Anästhesie bei schmerzhaften Zähnen

Eines der größten Probleme bei der Behandlung von Zahnschmerzen ist das Unvermögen, den Patienten in Not angemessen zu betäuben.13 Mit dem Aufkommen neuerer Anästhesiegeräte können viele, wenn nicht alle Beschwerden beseitigt werden. Die Problemlösung bei schmerzhaften Zahnnotfällen erfordert ein Verständnis der beteiligten Entzündungsprozesse,3 eine Kenntnis der knöchernen und neuralen Variationen des zu betäubenden Bereichs, Kenntnisse über die Wirkung von Anästhesielösungen, Geschicklichkeit bei der Verabreichung der Lösung an den Zielbereich und ein Verständnis für die psychologische Verfassung des Patienten.

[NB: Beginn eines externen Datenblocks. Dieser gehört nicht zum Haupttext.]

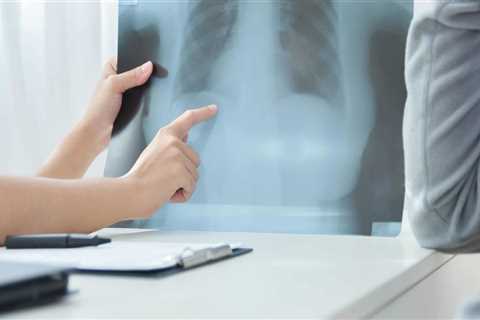 How long does it take for asbestos to affect your lungs?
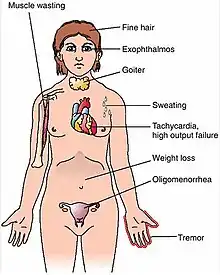 أعراض الدراق الجحوظي أو مرض غريفز (Graves' disease).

Die normale Pulpa hat einen relativ hohen Blutfluss, der durch gefäßerweiternde Substanzen (Reizprodukte) nur minimal beeinflusst wird. Dies führt dazu, dass der lokale Blutfluss während der Reizung und Entzündung nur geringfügig ansteigt.20 In dieser entzündeten Umgebung scheint dann die Kapillarpermeabilität im Hinblick auf die Entzündungsreaktion der Pulpa bedeutender zu sein als der Blutfluss. Dies schließt das Konzept eines generalisierten Pulpaödems aus, obwohl das Umfeld im Zahn eine geringe Compliance aufweist. Die lokalisierten entzündeten Gewebe erfahren einen Anstieg des Gewebedrucks, der zu einer fokalen Gefäßstauung, Ischämie und Gewebsnekrose führt. Diese fokalen Nekrosebereiche dienen als zusätzliche Insulte innerhalb der Pulpa, und die anschließenden zyklischen Episoden der Entzündung und des Zelltods führen zu einer zunehmenden zirkumferentiellen Ausbreitung der Gewebedestruktion.40

Die periodisch auftretende unregelmäßige Entzündung und Zerstörung lokalisierter Gewebebestandteile in Verbindung mit einer bakteriellen Invasion kann das klinische Erleben von episodischen Schmerzen nur teilweise erklären. Eine weitere Erklärung könnten neurale Fluktuationen sein, mit Zyklen erhöhter zytochemischer Veränderungen von Nervenfasern und Peptiden, gefolgt von Abschwächungen, vielleicht in Verbindung mit Zyklen intrapulpaler Abszessexpansion und pulpaler Reparaturversuche.3 Interessanterweise wurden in dieser Hinsicht die Aussprossung neuer Nervenfasern und Veränderungen der Neuropeptide in Verbindung mit einem schmerzhaften kariösen Angriff festgestellt. Ebenso könnte ein anhaltender starker Schmerz als gleichzeitiger Untergang mehrerer Gewebebereiche interpretiert werden. Bei vielen Patienten folgen auf Episoden starker Schmerzen häufig keine Symptome, was auf eine Nekrose der Pulpa oder auf einen wirksamen Abfluss des Entzündungsprozesses hinweist.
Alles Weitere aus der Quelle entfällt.